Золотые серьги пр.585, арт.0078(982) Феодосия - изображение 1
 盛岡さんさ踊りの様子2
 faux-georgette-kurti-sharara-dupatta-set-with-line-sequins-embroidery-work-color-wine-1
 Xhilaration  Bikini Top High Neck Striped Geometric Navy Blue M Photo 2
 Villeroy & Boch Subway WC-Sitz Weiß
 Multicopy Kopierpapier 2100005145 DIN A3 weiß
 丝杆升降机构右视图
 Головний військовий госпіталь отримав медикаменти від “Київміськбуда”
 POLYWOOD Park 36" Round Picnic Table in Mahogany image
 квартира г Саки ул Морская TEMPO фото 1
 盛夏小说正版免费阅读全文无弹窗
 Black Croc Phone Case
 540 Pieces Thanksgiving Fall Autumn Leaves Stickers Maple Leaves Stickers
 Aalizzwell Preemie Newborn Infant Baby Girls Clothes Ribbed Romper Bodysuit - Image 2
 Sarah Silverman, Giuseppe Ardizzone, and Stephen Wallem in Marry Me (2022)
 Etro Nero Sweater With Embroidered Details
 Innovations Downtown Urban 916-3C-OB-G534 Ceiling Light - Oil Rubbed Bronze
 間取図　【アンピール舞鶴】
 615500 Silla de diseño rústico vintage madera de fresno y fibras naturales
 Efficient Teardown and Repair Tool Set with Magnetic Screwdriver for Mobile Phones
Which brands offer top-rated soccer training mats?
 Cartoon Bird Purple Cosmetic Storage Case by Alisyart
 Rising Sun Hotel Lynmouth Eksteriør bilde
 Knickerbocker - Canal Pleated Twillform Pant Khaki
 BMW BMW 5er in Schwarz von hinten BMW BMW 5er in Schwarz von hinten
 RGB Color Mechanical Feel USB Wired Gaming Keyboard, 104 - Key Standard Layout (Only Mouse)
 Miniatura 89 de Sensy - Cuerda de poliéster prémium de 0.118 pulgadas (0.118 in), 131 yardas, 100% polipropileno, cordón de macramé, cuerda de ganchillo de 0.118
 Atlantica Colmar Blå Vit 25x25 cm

* AIM OF THE EXERCISE *
Exactly as they stand, please print the lines from the first line of the records above down to the line that includes "Knickerbocker - Canal", both of those included and no others.

* RESULT *
Золотые серьги пр.585, арт.0078(982) Феодосия - изображение 1
 盛岡さんさ踊りの様子2
 faux-georgette-kurti-sharara-dupatta-set-with-line-sequins-embroidery-work-color-wine-1
 Xhilaration  Bikini Top High Neck Striped Geometric Navy Blue M Photo 2
 Villeroy & Boch Subway WC-Sitz Weiß
 Multicopy Kopierpapier 2100005145 DIN A3 weiß
 丝杆升降机构右视图
 Головний військовий госпіталь отримав медикаменти від “Київміськбуда”
 POLYWOOD Park 36" Round Picnic Table in Mahogany image
 квартира г Саки ул Морская TEMPO фото 1
 盛夏小说正版免费阅读全文无弹窗
 Black Croc Phone Case
 540 Pieces Thanksgiving Fall Autumn Leaves Stickers Maple Leaves Stickers
 Aalizzwell Preemie Newborn Infant Baby Girls Clothes Ribbed Romper Bodysuit - Image 2
 Sarah Silverman, Giuseppe Ardizzone, and Stephen Wallem in Marry Me (2022)
 Etro Nero Sweater With Embroidered Details
 Innovations Downtown Urban 916-3C-OB-G534 Ceiling Light - Oil Rubbed Bronze
 間取図　【アンピール舞鶴】
 615500 Silla de diseño rústico vintage madera de fresno y fibras naturales
 Efficient Teardown and Repair Tool Set with Magnetic Screwdriver for Mobile Phones
Which brands offer top-rated soccer training mats?
 Cartoon Bird Purple Cosmetic Storage Case by Alisyart
 Rising Sun Hotel Lynmouth Eksteriør bilde
 Knickerbocker - Canal Pleated Twillform Pant Khaki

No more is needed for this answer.